There was the added benefit he couldn’t just forget about her, and her problem, if she stayed here. “Fine” She nodded. “Thank you,” she added belatedly.
His smile was mocking now. As if he knew exactly how nervous the thought of staying the night here with him made her feel. “What sort of food do you prefer?”
“Sorry?”
“I haven’t eaten yet, thought we could order dinner in.”
Diana hadn’t given a thought to eating dinner. She hadn’t given a lot of thought to food at all since the break-in at her apartment. She had felt too unsettled. As if her space, her life, had been invaded. Violated. Again.
How could something so awful be happening to her for a second time in a matter of months?
More to the point,
why
was it happening to her?
Her stomach churned. “I’m really not hungry.”

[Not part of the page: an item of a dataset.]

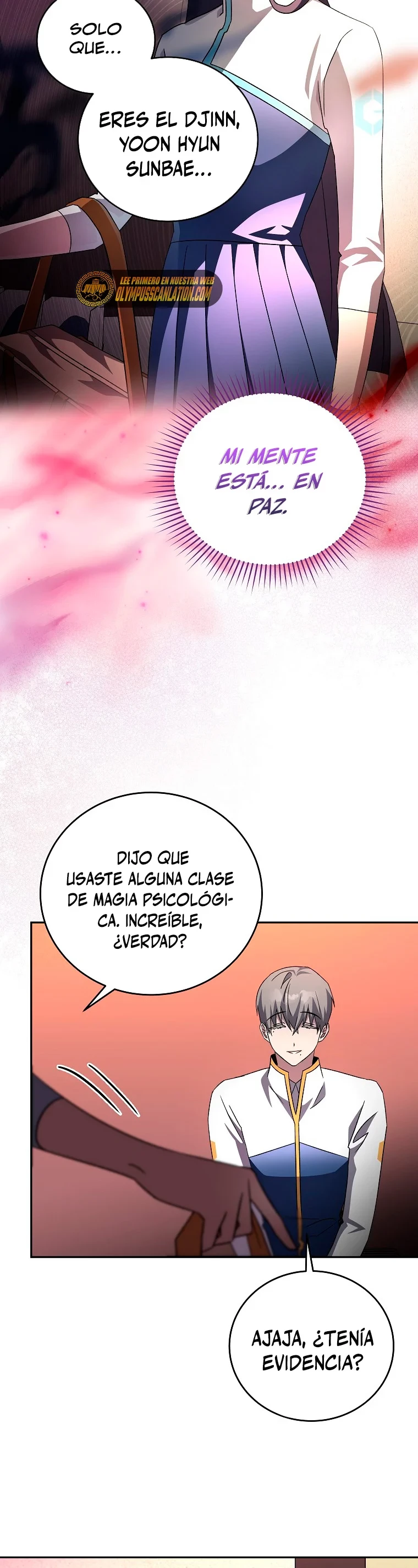 El extra de la novela (remake) Capítulo 27 - Página 25 en español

“I am,” Seth decided decisively. “Do you eat Chinese food?”
“Yes, but—”
“Then Chinese it is.”
This man’s manner bordered on arrogance— Who was she kidding? This man was arrogant as hell. It was possible he might even define the word. Which was part of the reason she had come to him for help in the first place. Seth Armstrong wasn’t only arrogant, he also didn’t recognize the word failure. If he decided to help her, then she knew he wouldn’t stop until he had solved the mystery of what was going on in her life.
If
he decided to help her.
“Where are you going?” Diana frowned as he headed toward the door. And then cursed herself for sounding needy. She
hated
sounding or feeling that way.
He paused in the doorway. “The food menu is in the kitchen next to the phone. Do you need to get your bag from the hotel, or can you manage for one night? I’m sure I can rustle you up a new toothbrush, if that helps.”